I have a Dell Inspiron 560 that has been working perfectly without issues. I disconnected it to move to a new home and now I can't even get it to turn on. When I push the power button, it blinks just once (amber) then goes black. I can hear it running but it's very quiet and nothing ever comes on the monitor. 'Something' is starting because if I then hold the power button in for a few seconds I can hear it shut down.

any suggestions?


----------



## joeten (Dec 4, 2008)

Hi and welcome to TSF please check all the cables and connections are properly and firmly seated do the same for the ram and video card if you have one


----------



## Tyree (May 10, 2009)

It's not uncommon for something to get jarred loose when moving as PC.
Check all the connections and reseat any cards (i.e. RAM-GPU-etc.).
Are you certain the electrical outlet is good?

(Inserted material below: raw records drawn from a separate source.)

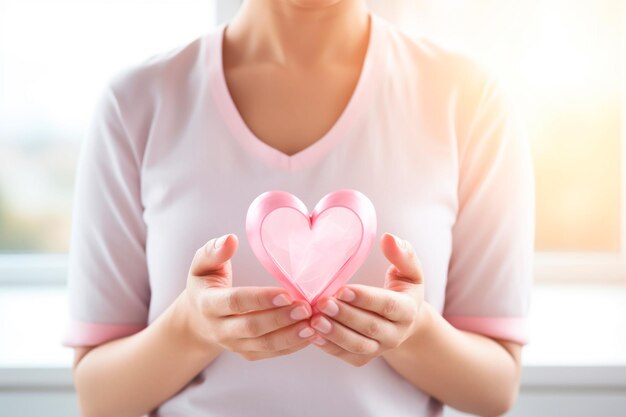 Pink October Vrouw met een roze top en een roze hart ter ondersteuning van het bewustzijn van borstkanker Internationale bewustzijnsbeweging voor de vroege opsporing van borstcancer gegenereerd door AI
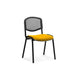 Dynamic Stacking Chair ISO Black Frame Mesh Back Senna Yellow Fabric Seat Pack of 4 Without Arms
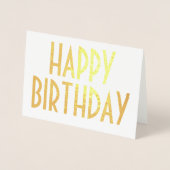 Chique  Typografie Eenvoudig Gelukkig Verjaardag Folie Kaarten (Voorkant)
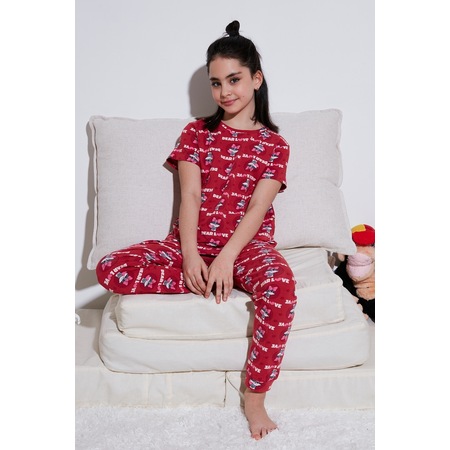 Lela Kız Çocuk Pijama Takımı 6651004 Kırmızı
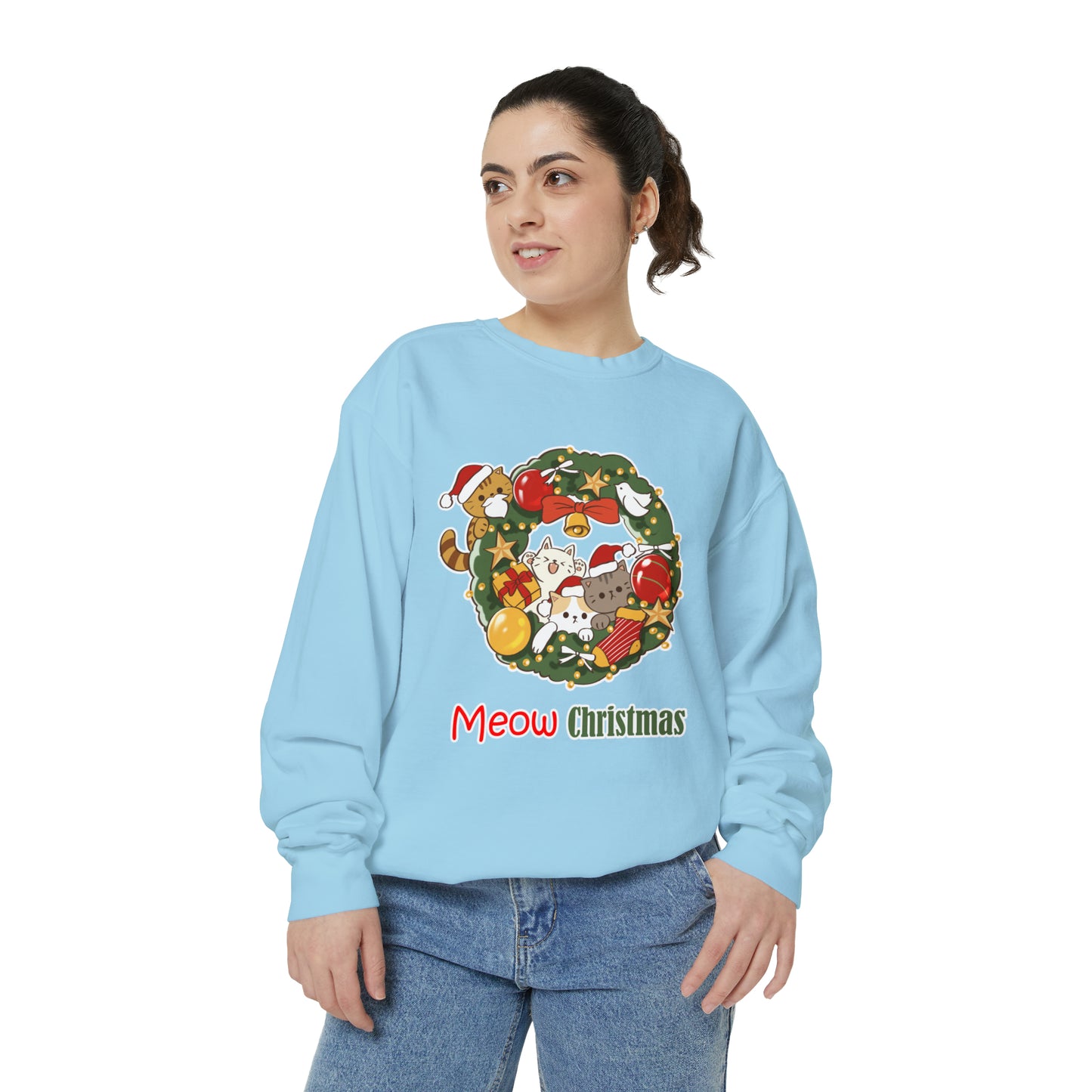 Meow Christmas - Unisex Garment-Dyed Sweatshirt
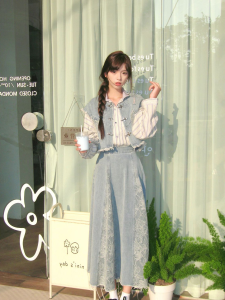 สไตล์จีนใหม่ ผู้หญิง ฤดูใบไม้ผลิ ชุดเสื้อ เดนิม ครึ่ง กระโปรง ลายทาง มีกระดุม เสื้อกั๊ก สามชิ้น ชุดสูท ชุดแฟชั่นหญิง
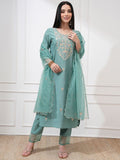 Vishudh Women Sea Embroidered New Roman Kurta with Bott0m and Nylon Organza Dupatta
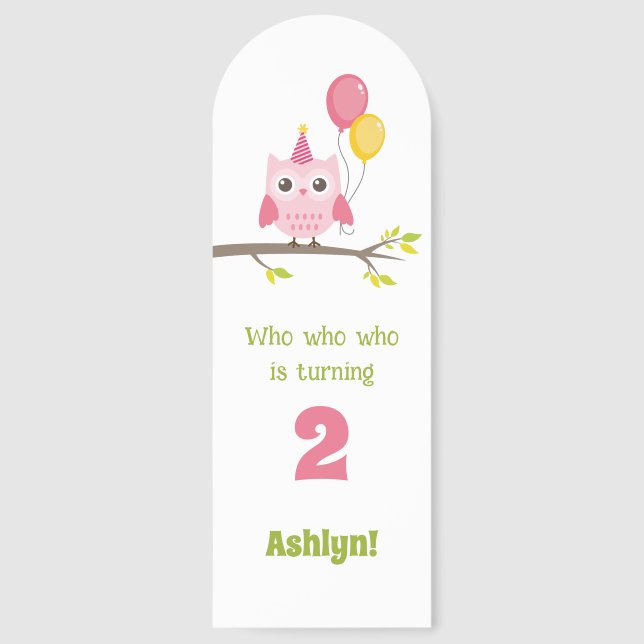 Who Is Turning 2 Pink Party Owl 2nd Birthday Bookmarks (Front)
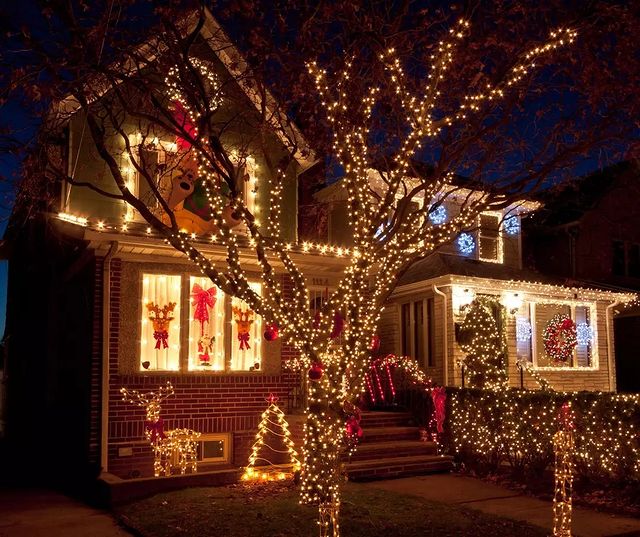 House with a lighted tree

Edit: oops, too slow but we are both thinking alike. :smile:


----------



## DBCooper (Jun 11, 2010)

The Dell Inspiron 560 is a desktop computer(correct me if im wrong). If so, try connecting a spare, working monitor to see if the current monitor is the problem. You can also try taking out the BIOS battery and leaving it out for about a good 10min. Put the bios battery back, turn on your computer, and see if the computer is able to boot.

Does the computer at least post but won't boot into windows?


----------



## Carjam (Jan 14, 2013)

I blew out any dust (very little) and made sure everything is seated properly. Electrical outlet is fine. Still have the same problem. When I push the power button the fans start up but it never boots.


----------



## joeten (Dec 4, 2008)

Hi I think you may have a problem with either the power supply or motherboard please see the manual pages 28 & 29 http://support.dell.com/support/edocs/systems/insp560mt/en/sg/sg_en.pdf


----------



## Carjam (Jan 14, 2013)

THank you. I looked at the manual but none of the situations is the same. The power light blinks just once quickly (amber) then goes black. The fans are running but nothing else starts. Memory cards have been reseated and battery was removed and reinserted. Still have the same exact problem.


----------



## joeten (Dec 4, 2008)

Hi which is why I have said the power supply or motherboard are suspect the power supply is a small 300w unit do you know which graphics option is installed the intel hd on board or the nvidia


----------



## Tyree (May 10, 2009)

The Power light staying Amber indicates a PSU problem and I'm suspecting, as joeten, that may also be your problem. 
Try disconnecting the power cord from the PSU, leave it disconnected for 5 min., reconnect and see if it will boot.
Do you have or can you borrow a known good PSU to try?


----------



## Carjam (Jan 14, 2013)

the power light does not stay amber! It quickly flashes amber then immediately goes black.


----------



## oscer1 (Jan 27, 2010)

do you have or can you barrow a know good power supply to test with or perhaps go to best buy or similar store and buy one if still no go can return it.


----------



## Tyree (May 10, 2009)

Carjam said:


> the power light does not stay amber! It quickly flashes amber then immediately goes black.


Understood.



Tyree said:


> Try disconnecting the power cord from the PSU, leave it disconnected for 5 min., reconnect and see if it will boot.
> Do you have or can you borrow a known good PSU to try?


----------



## Carjam (Jan 14, 2013)

I've tried disconnecting/reconnecting - nothing. I don't have a PSU I can borrow. Sorry - guess I'm out of luck.


----------